Information supplied>
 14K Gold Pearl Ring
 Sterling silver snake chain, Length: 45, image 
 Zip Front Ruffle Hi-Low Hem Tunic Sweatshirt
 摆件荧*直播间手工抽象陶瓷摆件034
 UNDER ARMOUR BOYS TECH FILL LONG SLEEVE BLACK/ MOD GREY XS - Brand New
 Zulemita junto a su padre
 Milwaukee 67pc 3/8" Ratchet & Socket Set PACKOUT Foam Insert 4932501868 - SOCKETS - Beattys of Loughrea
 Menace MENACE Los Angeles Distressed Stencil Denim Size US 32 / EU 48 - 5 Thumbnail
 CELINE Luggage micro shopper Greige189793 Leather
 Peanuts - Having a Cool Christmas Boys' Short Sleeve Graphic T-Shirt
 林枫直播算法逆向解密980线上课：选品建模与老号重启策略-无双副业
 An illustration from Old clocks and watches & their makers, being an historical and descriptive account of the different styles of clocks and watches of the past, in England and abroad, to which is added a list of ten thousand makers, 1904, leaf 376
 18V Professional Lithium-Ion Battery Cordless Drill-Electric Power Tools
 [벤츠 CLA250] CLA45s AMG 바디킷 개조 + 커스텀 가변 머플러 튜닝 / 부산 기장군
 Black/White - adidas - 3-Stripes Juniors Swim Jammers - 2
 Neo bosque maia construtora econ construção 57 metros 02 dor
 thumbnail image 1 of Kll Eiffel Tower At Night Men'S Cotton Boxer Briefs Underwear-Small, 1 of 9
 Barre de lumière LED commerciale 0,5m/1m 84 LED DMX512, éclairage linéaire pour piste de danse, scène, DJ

Task goal> Your answer should consist only of the lines from the one with "Menace MENACE Los" through the last line of the entries above, retyped exactly.

Output of the task>
 Menace MENACE Los Angeles Distressed Stencil Denim Size US 32 / EU 48 - 5 Thumbnail
 CELINE Luggage micro shopper Greige189793 Leather
 Peanuts - Having a Cool Christmas Boys' Short Sleeve Graphic T-Shirt
 林枫直播算法逆向解密980线上课：选品建模与老号重启策略-无双副业
 An illustration from Old clocks and watches & their makers, being an historical and descriptive account of the different styles of clocks and watches of the past, in England and abroad, to which is added a list of ten thousand makers, 1904, leaf 376
 18V Professional Lithium-Ion Battery Cordless Drill-Electric Power Tools
 [벤츠 CLA250] CLA45s AMG 바디킷 개조 + 커스텀 가변 머플러 튜닝 / 부산 기장군
 Black/White - adidas - 3-Stripes Juniors Swim Jammers - 2
 Neo bosque maia construtora econ construção 57 metros 02 dor
 thumbnail image 1 of Kll Eiffel Tower At Night Men'S Cotton Boxer Briefs Underwear-Small, 1 of 9
 Barre de lumière LED commerciale 0,5m/1m 84 LED DMX512, éclairage linéaire pour piste de danse, scène, DJ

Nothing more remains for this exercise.